To właśnie w klinice u prof. Tomasza Blicharskiego leczono m.in. żołnierza, który stracił na wojnie część ręki i nogi. Żołnierz z Ukrainy, o którym pisaliśmy już wcześniej, został ciężko ranny na froncie wiosną 2022 roku. Początkowo był leczony w Ukrainie, ale ostatecznie - specjalnym pociągiem z ukraińskimi rannymi - trafił do Polski, do Lublina. Dzięki koncertowi charytatywnemu i zbiórce udało się zorganizować dla niego nowoczesną protezę, dzięki której może w miarę normalnie żyć. 

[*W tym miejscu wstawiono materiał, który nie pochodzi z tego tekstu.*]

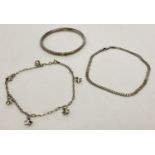 2 silver ankle chains, a curb chain and a decorative chain with star charms.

- Przy tego typu historiach staramy się pacjentowi pomóc, doprowadzić go do momentu, gdy może zacząć w miarę normalnie funkcjonować. I my traktujemy to jako sukces. Ale nasz pacjent tak tego nie traktuje. On widzi, jak bardzo jest poszkodowany, bo ma choćby amputowane kończyny. A przecież wcześniej był w pełni zdrowy. To jest dla niego wielka tragedia - opowiada profesor. 

Jak dodaje, żołnierze, z którymi miał do czynienia, za wszelką cenę chcieli wracać do ojczyzny. - Wielokrotnie pytali, kiedy będą mogli opuścić nasz szpital. A to nie zawsze dało się zrobić szybko. Bo rehabilitacja i odzyskiwanie sił to często proces długotrwały, wymagający czasu - podkreśla nasz rozmówca. 

Profesor opowiada, że oprócz leczenia pacjentów z Ukrainy bezpośrednio na miejscu, w szpitalu w Lublinie, lekarze z Polski byli i są w kontakcie telefonicznym czy on-line z lekarzami ukraińskimi. - To się odbywa głównie w formie telemedycyny, ale ci, którzy chcieli jechać na Ukrainę, mogli to zrobić i pomagać również na miejscu. Mieliśmy takich lekarzy - mówi profesor.